Pensé que conocía a mi muerte
así que cuando, tras una tarde
de no parar, comenzó a llover
y los pelillos se me encresparon en el cuello
y el pelo me tiró del cuero cabelludo
y la boca me empezó a apestar a algas
y un hormigueó me recorrió las muñecas,
no la reconocí. Prendió
una llama verde sobre mi cabeza
e incluso así no lo entendí. Me arrojó
a yardas de distancia, trazó sus caricaturas
de filigrana roja sobre las palmas de mis manos
hasta que desaparecí y aún así no lo entendí.
ESCORPIÓN
Lo mato porque no podemos estar en la misma
habitación. Lo mato porque no podemos estar en la misma habitación
mientras duermo. Lo mato porque podría mirar a otro lado y no verlo ahí
sobre la pared al mirar de vuelta. Lo mato porque podría pasarme la
noche entera intentando cazarlo. Lo mato porque me da miedo acercarme lo
suficiente con un vaso y un papel para llevarlo fuera. Lo mato porque
me han dicho que lo haga. Lo mato dando un golpe con un zapato contra la
pared porque me han dicho que lo haga
de ese modo. Lo mato manteniéndome lo más lejos posible y estirando la
mano que sujeta el zapato. Lo mato porque me ha obligado a sacudir las
sábanas, mirar dentro de los zapatos, vigilar las paredes durante toda
la noche. Lo mato con dos rápidos golpes en caso de que uno no sea
suficiente. Lo mato porque puedo. Lo mato porque no puede impedírmelo.

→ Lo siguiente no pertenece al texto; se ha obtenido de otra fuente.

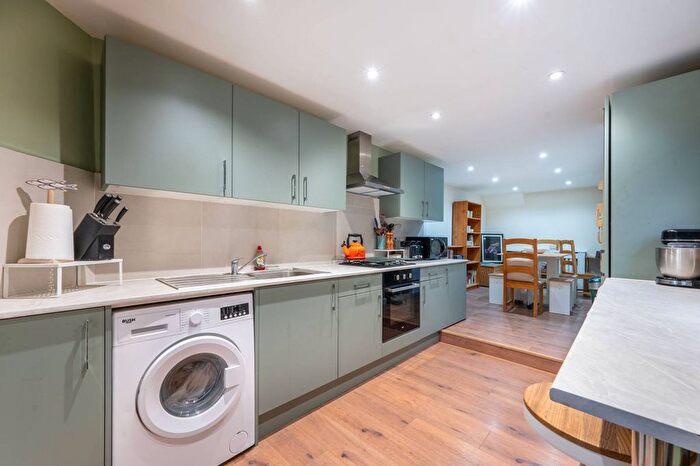 2 Bedroom Flat For Sale In Acton Lane, Harlesden, London, NW10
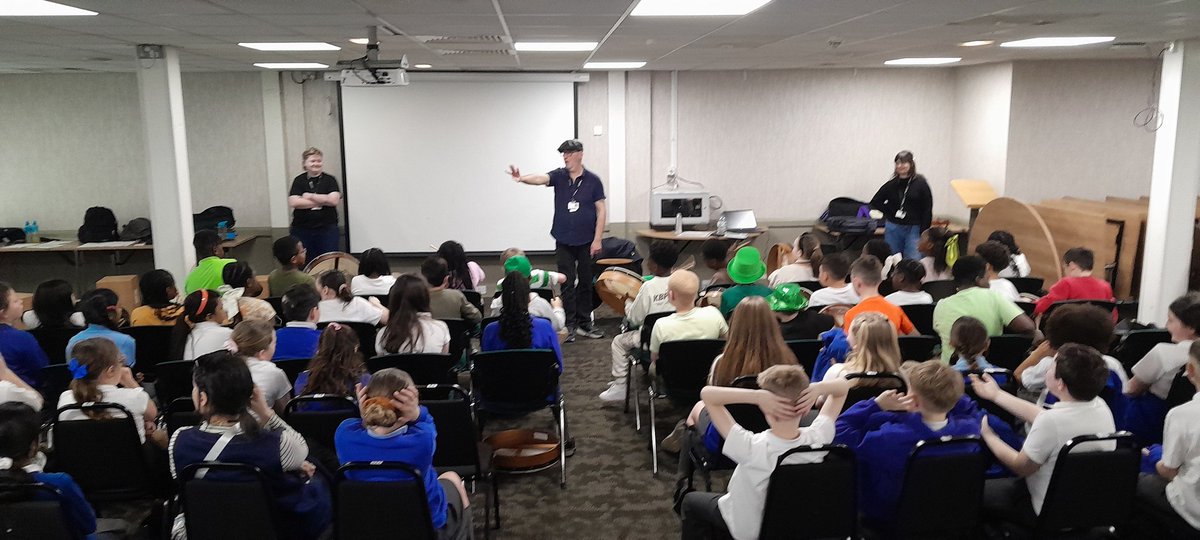 🍀🎶 And we are off! Irish Music Celebration 2025 edition - 3 days of singing, dancing and playing music with the phenomenal <a href="/RioghnachSings/">Ríoghnach Connolly</a> <a href="/angedurcan/">ange durcan</a> and #LazsloPalko #creativespacewhythenshawe #wythenshaweforum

Lo mato porque sé que está ahí. Lo mato de tal modo que sus restos
quedan en el tacón del zapato. Lo mato de tal modo que su silueta con el
aguijón curvo queda sobre la pared. Lo mato para sentir la seguridad de
que seguiré viva. Lo mato para sentirme viva. Lo mato porque soy más
débil que él. Lo mato porque no lo comprendo. Lo mato sin mirarlo. Lo
mato porque no soy lo suficientemente buena como para dejarlo vivir. Lo
mato mirando por el rabillo del ojo, recordando que es negro, vertical,
que está pegado todavía a la pared blanca. Lo mato porque no va a hablar
conmigo.
(Jo Shapcott, Of Mutability, 2010)
(De la traducción, Andrés Catalán)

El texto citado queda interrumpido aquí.